Relacja live, z tego zajścia była transmitowana przez kanał TVPinfo
Pozdrawiam
: czwartek 24 maja 2012, 14:38
autor: Nightmare
Kiedyś mojego kolegę uratowało właśnie stare rozpadające się auto wpadł pod pośpieszny pociąg, na jego szczęście wyrwało cały przód bo był przerdzewiały obróciło autem i wyrwało tył, środek z pasażerami ocalał. Szczęście w nieszczęściu miał. Jak mu powiedziała straż która przybyła na miejsce, że gdyby miał nowe auto by go wciągnęło. Pierwsze pytanie przybyłej karetki: ile trupów. Skończyło się na siniakach i złamanym nosie. Nigdy nie ufajcie na przejazdach kolejowych nawet ty teoretycznie bezpiecznych
: czwartek 24 maja 2012, 14:54
autor: krzycho_
Ciekawe ale kompletnie bez sensu, taka prędkość właściwie nic nie pokazuje z czym możemy mieć doczynienia.
: czwartek 24 maja 2012, 16:14
autor: Pyra
Witam
Niestety, jak nie wiadomo o co chodzi...
Prawda jest niestety bardzo prozaiczna, pokaz był dla TV, niestety jak było próbne zatrzymanie z prędkości 40km/h, wypadło za daleko od kamer i widzów, ponadto dochodzą koszty remontu torowiska (wbrew pozorom też ucierpiało) lokomotywy (dlatego użyto egzemplarza do remontu, sprawna ją tylko pchała). Wchodziło też w rachubę uszkodzenie słupów sieci trakcyjnej itp.
Na początku byli "sponsorzy" ale zaczęli się skrupulatnie wycofywać. Podziękowania natomiast należą się Policji oraz służbom ratownictwa Automobilklubu i Straży Pożarnej, które brały udział nieodpłatnie, biorąc na siebie sporą cześć kosztów.
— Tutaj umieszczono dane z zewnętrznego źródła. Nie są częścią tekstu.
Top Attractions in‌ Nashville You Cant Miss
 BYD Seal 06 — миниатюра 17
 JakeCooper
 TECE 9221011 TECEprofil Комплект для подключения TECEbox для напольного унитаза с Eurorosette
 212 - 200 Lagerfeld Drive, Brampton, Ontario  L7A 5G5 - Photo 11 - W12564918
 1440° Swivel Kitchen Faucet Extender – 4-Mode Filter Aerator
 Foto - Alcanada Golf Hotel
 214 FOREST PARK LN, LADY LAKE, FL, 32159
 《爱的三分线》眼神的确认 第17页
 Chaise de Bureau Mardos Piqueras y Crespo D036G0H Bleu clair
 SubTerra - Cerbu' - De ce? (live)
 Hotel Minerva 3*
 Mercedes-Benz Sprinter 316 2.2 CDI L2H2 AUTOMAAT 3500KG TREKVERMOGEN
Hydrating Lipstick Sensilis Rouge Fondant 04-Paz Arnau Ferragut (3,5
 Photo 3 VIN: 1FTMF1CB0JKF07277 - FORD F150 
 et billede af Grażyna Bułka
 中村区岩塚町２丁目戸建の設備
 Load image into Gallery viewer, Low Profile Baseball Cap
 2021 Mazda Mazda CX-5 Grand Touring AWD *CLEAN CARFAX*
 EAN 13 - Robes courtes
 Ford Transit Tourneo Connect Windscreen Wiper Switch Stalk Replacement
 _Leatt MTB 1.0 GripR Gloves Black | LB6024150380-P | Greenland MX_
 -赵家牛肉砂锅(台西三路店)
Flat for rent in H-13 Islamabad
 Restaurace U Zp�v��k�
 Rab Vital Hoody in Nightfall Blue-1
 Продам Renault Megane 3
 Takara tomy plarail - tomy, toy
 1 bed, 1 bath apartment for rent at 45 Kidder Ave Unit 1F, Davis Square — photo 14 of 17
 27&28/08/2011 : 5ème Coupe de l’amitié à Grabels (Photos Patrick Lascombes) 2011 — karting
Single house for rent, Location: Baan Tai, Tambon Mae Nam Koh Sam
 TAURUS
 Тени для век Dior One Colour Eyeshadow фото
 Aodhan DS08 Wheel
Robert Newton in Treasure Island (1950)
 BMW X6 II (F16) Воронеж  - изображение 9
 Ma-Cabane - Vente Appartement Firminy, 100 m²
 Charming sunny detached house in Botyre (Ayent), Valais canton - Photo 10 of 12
W planach była też profesjonalna firma od efektów specjalnych, która miała przygotować "ofiary" jednak koszty były by za wysokie...
W sumie to na miejscu wyglądało to naprawdę niebezpiecznie, słyszałem "podniecone" rozmowy gimnazjalistów, na niektórych to wywarło spore wrażenie.
Pozdrawiam
: czwartek 24 maja 2012, 16:50
autor: Nightmare
: czwartek 24 maja 2012, 21:46
autor: slimak
Witam.
Film może nie powala jakością ale działa na wyobraźnię:
http://www.youtube.com/watch?v=HVoAF9jzpkM
: piątek 25 maja 2012, 15:07
autor: tery
Na Franowie? Aż dziw bierze,że mojego brata nie widzę (z kamerą).. Potrafi tam przesiedzieć cały dzień filmując pociągi...
: piątek 25 maja 2012, 22:09
autor: Pyra
tery pisze:Na Franowie? Aż dziw bierze,że mojego brata nie widzę (z kamerą).. Potrafi tam przesiedzieć cały dzień filmując pociągi...
Tym razem SOK dobrze pilnowało, kilku "niezaproszonych gości" dostało mandaty i odeskortowano poza teren.